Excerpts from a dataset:

───

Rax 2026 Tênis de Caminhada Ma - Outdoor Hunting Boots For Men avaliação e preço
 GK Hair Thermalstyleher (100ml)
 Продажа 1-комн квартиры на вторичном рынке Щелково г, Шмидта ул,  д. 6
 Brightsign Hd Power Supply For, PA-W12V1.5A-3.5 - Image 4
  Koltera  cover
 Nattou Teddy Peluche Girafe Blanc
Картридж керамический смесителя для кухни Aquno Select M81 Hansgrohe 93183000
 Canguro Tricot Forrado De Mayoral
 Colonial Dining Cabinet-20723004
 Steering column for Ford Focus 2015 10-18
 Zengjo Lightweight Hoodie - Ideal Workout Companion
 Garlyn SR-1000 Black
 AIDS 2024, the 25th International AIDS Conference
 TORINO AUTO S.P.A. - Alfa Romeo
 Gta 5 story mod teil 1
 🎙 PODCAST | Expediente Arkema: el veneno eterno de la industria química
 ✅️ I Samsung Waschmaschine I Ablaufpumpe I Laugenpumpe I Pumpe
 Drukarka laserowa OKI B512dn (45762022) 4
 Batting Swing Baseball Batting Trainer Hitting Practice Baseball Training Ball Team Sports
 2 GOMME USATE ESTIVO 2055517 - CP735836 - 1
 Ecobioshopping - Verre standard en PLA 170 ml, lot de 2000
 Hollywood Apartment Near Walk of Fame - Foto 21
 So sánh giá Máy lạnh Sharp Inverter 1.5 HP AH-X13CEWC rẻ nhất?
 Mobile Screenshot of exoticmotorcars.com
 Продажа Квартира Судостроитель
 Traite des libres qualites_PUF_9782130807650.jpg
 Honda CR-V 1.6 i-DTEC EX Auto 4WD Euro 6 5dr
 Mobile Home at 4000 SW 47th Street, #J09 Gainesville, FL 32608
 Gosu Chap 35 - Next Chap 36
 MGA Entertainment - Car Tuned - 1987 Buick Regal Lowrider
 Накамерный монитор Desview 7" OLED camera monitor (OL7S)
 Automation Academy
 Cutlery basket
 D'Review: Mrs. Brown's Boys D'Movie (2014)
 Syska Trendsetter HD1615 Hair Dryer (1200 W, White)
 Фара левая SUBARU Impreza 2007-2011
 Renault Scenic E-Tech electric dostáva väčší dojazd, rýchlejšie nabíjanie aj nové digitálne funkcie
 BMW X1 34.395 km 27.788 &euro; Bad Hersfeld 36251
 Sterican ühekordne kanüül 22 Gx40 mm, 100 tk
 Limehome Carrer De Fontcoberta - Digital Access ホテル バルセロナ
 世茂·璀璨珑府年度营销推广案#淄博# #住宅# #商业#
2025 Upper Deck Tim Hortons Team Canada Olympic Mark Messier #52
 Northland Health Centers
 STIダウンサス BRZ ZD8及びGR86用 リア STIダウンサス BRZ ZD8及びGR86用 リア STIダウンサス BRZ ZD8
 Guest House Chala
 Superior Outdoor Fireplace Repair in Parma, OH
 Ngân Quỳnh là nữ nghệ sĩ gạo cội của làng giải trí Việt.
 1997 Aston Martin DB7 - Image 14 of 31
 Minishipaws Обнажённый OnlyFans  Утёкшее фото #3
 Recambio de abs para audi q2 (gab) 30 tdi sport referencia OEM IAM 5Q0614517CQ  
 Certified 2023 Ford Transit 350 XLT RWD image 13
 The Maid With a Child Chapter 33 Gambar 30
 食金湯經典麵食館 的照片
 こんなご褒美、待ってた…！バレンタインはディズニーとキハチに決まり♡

───

== Exercise details ==
The answer should reproduce all of the data without any alteration.

== Your response ==
Rax 2026 Tênis de Caminhada Ma - Outdoor Hunting Boots For Men avaliação e preço
 GK Hair Thermalstyleher (100ml)
 Продажа 1-комн квартиры на вторичном рынке Щелково г, Шмидта ул,  д. 6
 Brightsign Hd Power Supply For, PA-W12V1.5A-3.5 - Image 4
  Koltera  cover
 Nattou Teddy Peluche Girafe Blanc
Картридж керамический смесителя для кухни Aquno Select M81 Hansgrohe 93183000
 Canguro Tricot Forrado De Mayoral
 Colonial Dining Cabinet-20723004
 Steering column for Ford Focus 2015 10-18
 Zengjo Lightweight Hoodie - Ideal Workout Companion
 Garlyn SR-1000 Black
 AIDS 2024, the 25th International AIDS Conference
 TORINO AUTO S.P.A. - Alfa Romeo
 Gta 5 story mod teil 1
 🎙 PODCAST | Expediente Arkema: el veneno eterno de la industria química
 ✅️ I Samsung Waschmaschine I Ablaufpumpe I Laugenpumpe I Pumpe
 Drukarka laserowa OKI B512dn (45762022) 4
 Batting Swing Baseball Batting Trainer Hitting Practice Baseball Training Ball Team Sports
 2 GOMME USATE ESTIVO 2055517 - CP735836 - 1
 Ecobioshopping - Verre standard en PLA 170 ml, lot de 2000
 Hollywood Apartment Near Walk of Fame - Foto 21
 So sánh giá Máy lạnh Sharp Inverter 1.5 HP AH-X13CEWC rẻ nhất?
 Mobile Screenshot of exoticmotorcars.com
 Продажа Квартира Судостроитель
 Traite des libres qualites_PUF_9782130807650.jpg
 Honda CR-V 1.6 i-DTEC EX Auto 4WD Euro 6 5dr
 Mobile Home at 4000 SW 47th Street, #J09 Gainesville, FL 32608
 Gosu Chap 35 - Next Chap 36
 MGA Entertainment - Car Tuned - 1987 Buick Regal Lowrider
 Накамерный монитор Desview 7" OLED camera monitor (OL7S)
 Automation Academy
 Cutlery basket
 D'Review: Mrs. Brown's Boys D'Movie (2014)
 Syska Trendsetter HD1615 Hair Dryer (1200 W, White)
 Фара левая SUBARU Impreza 2007-2011
 Renault Scenic E-Tech electric dostáva väčší dojazd, rýchlejšie nabíjanie aj nové digitálne funkcie
 BMW X1 34.395 km 27.788 &euro; Bad Hersfeld 36251
 Sterican ühekordne kanüül 22 Gx40 mm, 100 tk
 Limehome Carrer De Fontcoberta - Digital Access ホテル バルセロナ
 世茂·璀璨珑府年度营销推广案#淄博# #住宅# #商业#
2025 Upper Deck Tim Hortons Team Canada Olympic Mark Messier #52
 Northland Health Centers
 STIダウンサス BRZ ZD8及びGR86用 リア STIダウンサス BRZ ZD8及びGR86用 リア STIダウンサス BRZ ZD8
 Guest House Chala
 Superior Outdoor Fireplace Repair in Parma, OH
 Ngân Quỳnh là nữ nghệ sĩ gạo cội của làng giải trí Việt.
 1997 Aston Martin DB7 - Image 14 of 31
 Minishipaws Обнажённый OnlyFans  Утёкшее фото #3
 Recambio de abs para audi q2 (gab) 30 tdi sport referencia OEM IAM 5Q0614517CQ  
 Certified 2023 Ford Transit 350 XLT RWD image 13
 The Maid With a Child Chapter 33 Gambar 30
 食金湯經典麵食館 的照片
 こんなご褒美、待ってた…！バレンタインはディズニーとキハチに決まり♡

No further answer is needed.